# REQUIRED ACTION
Copy out all lines of the listing below that hold "Black".

# DATASET EXTRACT

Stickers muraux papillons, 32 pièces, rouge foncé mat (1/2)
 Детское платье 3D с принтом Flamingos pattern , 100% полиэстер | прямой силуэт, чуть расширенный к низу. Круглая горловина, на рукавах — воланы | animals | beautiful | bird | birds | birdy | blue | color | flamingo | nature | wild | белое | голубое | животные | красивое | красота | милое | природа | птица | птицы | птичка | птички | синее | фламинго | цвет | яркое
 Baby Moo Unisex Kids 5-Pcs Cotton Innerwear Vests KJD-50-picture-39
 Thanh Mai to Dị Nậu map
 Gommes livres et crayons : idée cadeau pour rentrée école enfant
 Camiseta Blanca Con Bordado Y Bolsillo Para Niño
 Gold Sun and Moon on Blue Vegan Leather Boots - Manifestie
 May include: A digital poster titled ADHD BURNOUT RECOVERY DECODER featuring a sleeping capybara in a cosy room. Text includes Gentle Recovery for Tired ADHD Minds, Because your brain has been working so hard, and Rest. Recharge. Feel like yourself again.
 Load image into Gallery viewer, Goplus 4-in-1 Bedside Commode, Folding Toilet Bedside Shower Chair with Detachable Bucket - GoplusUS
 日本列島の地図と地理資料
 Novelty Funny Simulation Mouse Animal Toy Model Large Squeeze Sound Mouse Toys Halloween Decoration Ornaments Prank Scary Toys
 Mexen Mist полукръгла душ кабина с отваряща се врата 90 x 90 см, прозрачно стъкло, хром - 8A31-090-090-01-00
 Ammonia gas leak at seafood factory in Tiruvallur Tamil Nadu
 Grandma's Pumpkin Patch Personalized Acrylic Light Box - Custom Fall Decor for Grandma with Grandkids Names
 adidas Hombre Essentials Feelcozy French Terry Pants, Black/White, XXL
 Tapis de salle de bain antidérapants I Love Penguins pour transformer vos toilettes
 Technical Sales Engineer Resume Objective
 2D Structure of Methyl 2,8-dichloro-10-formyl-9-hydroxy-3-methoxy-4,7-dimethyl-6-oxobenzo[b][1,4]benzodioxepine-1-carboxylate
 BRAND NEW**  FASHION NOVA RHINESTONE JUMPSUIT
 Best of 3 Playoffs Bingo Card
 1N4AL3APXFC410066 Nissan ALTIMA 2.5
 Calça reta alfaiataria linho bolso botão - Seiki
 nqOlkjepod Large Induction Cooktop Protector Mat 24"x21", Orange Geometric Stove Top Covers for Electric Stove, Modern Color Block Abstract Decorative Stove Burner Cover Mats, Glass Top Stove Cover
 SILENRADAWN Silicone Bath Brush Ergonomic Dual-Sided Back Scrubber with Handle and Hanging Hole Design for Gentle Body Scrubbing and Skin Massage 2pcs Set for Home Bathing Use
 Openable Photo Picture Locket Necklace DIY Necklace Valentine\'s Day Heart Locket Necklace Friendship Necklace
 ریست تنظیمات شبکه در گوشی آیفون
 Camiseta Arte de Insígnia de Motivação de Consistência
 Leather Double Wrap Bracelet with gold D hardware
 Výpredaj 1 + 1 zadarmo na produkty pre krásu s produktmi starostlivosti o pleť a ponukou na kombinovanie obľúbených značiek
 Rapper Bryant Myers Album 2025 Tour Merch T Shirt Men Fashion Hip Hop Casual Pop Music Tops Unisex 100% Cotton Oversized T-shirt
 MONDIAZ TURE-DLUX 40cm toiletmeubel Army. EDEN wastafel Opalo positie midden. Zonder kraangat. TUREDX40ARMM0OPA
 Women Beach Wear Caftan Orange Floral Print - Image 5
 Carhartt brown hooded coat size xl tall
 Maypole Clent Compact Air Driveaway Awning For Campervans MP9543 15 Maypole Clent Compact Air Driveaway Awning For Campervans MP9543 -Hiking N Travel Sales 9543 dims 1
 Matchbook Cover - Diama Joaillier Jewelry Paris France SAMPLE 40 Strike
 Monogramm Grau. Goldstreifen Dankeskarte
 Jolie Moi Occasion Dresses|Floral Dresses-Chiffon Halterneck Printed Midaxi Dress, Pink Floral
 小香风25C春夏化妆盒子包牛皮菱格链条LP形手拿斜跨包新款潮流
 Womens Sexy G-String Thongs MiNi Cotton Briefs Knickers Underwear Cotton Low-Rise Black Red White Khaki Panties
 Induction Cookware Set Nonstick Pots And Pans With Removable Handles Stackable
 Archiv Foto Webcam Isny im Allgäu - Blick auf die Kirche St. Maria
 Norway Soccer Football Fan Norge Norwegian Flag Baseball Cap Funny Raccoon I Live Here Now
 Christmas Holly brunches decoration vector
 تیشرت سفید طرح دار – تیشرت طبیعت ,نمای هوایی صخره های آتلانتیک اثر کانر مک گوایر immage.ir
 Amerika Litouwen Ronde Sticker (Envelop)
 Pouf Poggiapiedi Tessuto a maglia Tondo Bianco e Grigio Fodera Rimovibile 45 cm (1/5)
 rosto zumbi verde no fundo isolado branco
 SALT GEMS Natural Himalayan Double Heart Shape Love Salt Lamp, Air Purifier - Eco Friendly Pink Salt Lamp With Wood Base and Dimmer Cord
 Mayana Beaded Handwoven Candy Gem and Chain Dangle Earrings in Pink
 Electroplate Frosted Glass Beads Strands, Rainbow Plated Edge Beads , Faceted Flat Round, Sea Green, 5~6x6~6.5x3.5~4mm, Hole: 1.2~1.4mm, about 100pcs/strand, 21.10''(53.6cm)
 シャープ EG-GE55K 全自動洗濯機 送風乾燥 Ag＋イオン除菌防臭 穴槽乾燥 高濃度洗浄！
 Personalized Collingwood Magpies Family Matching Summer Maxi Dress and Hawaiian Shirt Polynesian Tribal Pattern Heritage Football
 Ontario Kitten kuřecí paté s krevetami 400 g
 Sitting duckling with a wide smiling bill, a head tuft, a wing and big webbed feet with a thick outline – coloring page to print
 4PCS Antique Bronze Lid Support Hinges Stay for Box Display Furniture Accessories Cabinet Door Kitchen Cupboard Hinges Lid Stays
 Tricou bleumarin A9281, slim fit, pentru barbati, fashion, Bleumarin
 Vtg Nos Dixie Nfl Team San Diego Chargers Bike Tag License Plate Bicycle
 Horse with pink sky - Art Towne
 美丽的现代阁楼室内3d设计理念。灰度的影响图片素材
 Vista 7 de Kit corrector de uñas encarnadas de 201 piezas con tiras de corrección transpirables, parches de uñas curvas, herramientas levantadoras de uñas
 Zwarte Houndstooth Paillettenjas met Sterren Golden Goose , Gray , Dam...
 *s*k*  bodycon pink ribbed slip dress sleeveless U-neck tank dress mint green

# ANSWER FOR THIS EXERCISE
 adidas Hombre Essentials Feelcozy French Terry Pants, Black/White, XXL
 Womens Sexy G-String Thongs MiNi Cotton Briefs Knickers Underwear Cotton Low-Rise Black Red White Khaki Panties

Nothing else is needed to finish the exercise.